┏━━

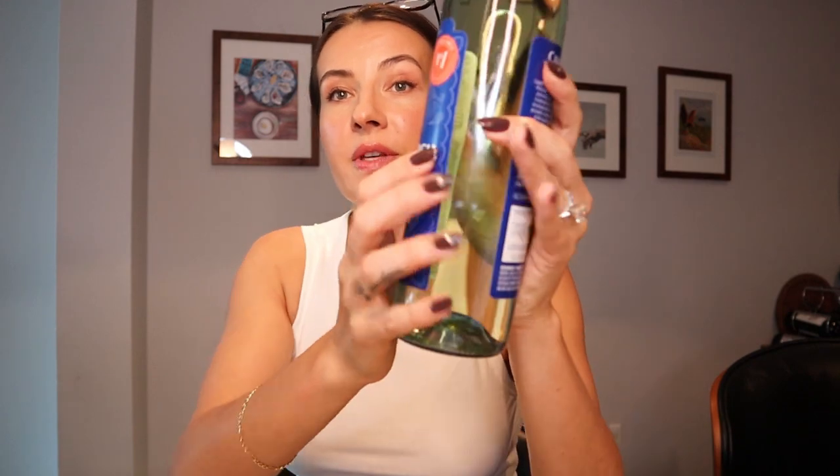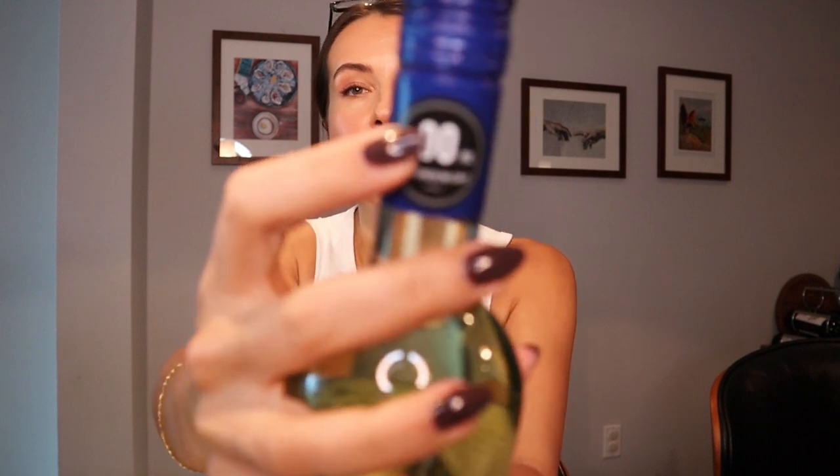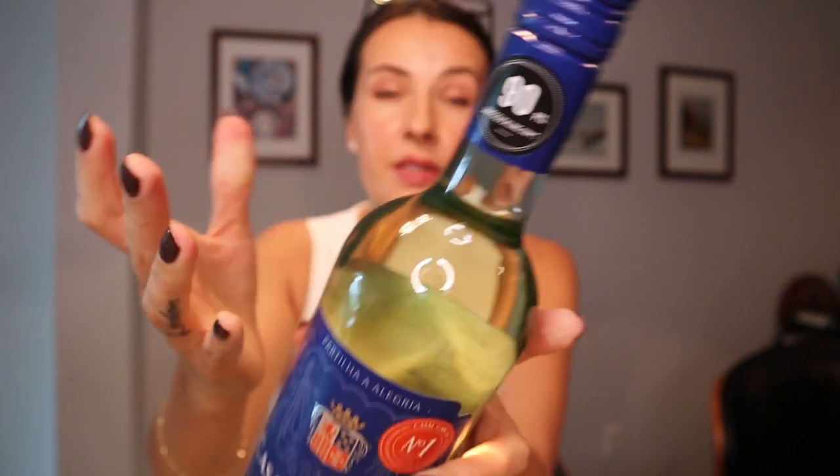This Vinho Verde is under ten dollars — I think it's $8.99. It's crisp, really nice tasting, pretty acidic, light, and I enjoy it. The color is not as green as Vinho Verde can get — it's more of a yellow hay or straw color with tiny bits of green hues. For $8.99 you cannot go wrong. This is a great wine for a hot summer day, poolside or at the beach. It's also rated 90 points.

┗━━
┏━━

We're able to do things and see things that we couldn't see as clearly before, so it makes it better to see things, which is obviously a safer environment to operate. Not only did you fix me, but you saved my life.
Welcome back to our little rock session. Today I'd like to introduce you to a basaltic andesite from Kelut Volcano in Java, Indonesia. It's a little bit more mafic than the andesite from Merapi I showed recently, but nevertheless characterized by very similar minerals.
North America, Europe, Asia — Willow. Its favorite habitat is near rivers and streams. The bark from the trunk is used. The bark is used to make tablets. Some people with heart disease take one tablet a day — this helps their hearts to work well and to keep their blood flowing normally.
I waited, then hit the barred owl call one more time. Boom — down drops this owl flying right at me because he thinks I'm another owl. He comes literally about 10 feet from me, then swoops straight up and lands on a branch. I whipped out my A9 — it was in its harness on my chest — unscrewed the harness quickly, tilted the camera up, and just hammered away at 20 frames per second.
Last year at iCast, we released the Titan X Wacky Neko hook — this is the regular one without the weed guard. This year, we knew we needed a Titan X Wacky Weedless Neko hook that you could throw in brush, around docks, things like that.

┗━━
┏━━

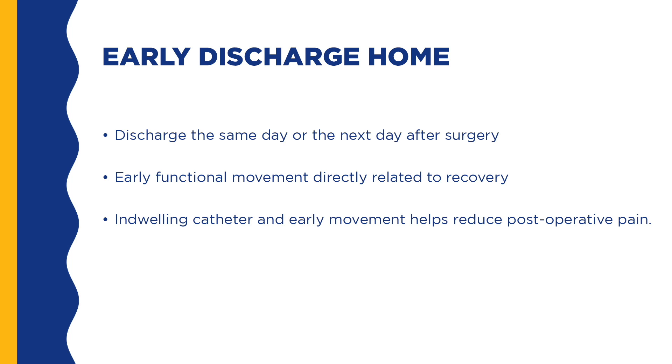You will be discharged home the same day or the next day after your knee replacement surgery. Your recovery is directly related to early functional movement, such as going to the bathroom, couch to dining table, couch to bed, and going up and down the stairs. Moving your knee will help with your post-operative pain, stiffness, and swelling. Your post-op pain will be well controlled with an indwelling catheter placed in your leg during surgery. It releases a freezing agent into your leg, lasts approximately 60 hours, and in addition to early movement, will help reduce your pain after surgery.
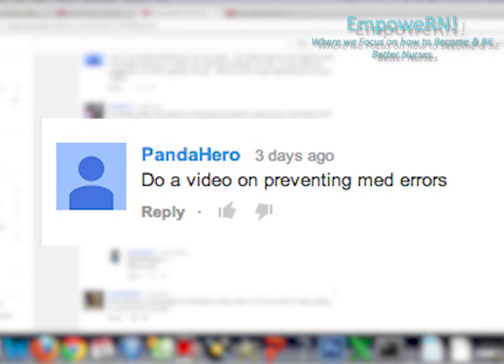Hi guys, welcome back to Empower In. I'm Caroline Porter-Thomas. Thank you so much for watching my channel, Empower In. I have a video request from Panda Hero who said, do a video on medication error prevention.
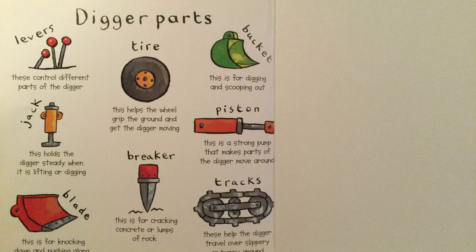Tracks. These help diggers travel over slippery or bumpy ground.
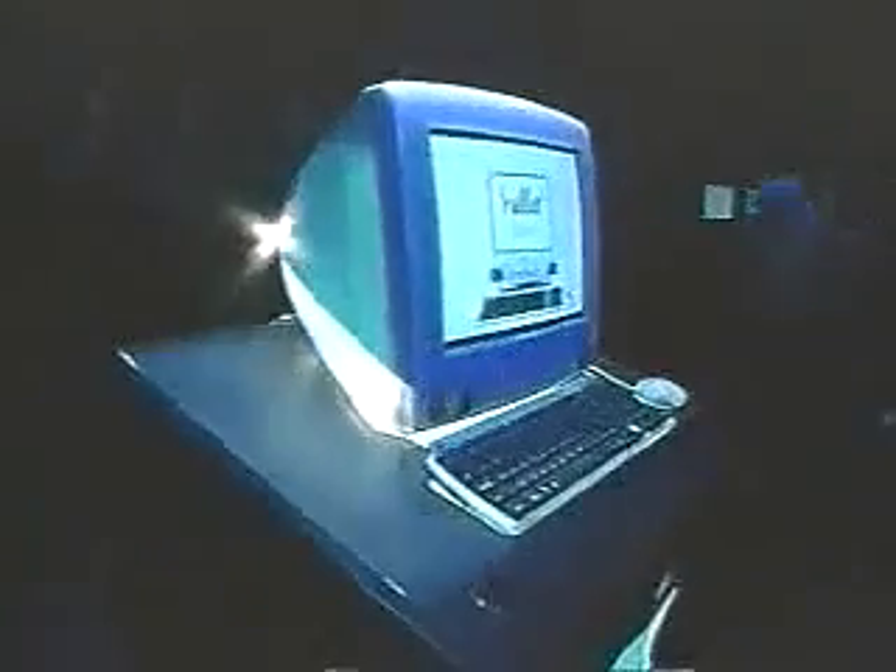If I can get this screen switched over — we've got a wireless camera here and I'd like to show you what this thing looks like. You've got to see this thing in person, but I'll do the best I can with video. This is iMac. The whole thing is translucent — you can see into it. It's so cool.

┗━━

[Goal of the exercise] Each line in the data where the string "that" occurs should be identified and copied.

[Finished exercise]
We're able to do things and see things that we couldn't see as clearly before, so it makes it better to see things, which is obviously a safer environment to operate. Not only did you fix me, but you saved my life.
Last year at iCast, we released the Titan X Wacky Neko hook — this is the regular one without the weed guard. This year, we knew we needed a Titan X Wacky Weedless Neko hook that you could throw in brush, around docks, things like that.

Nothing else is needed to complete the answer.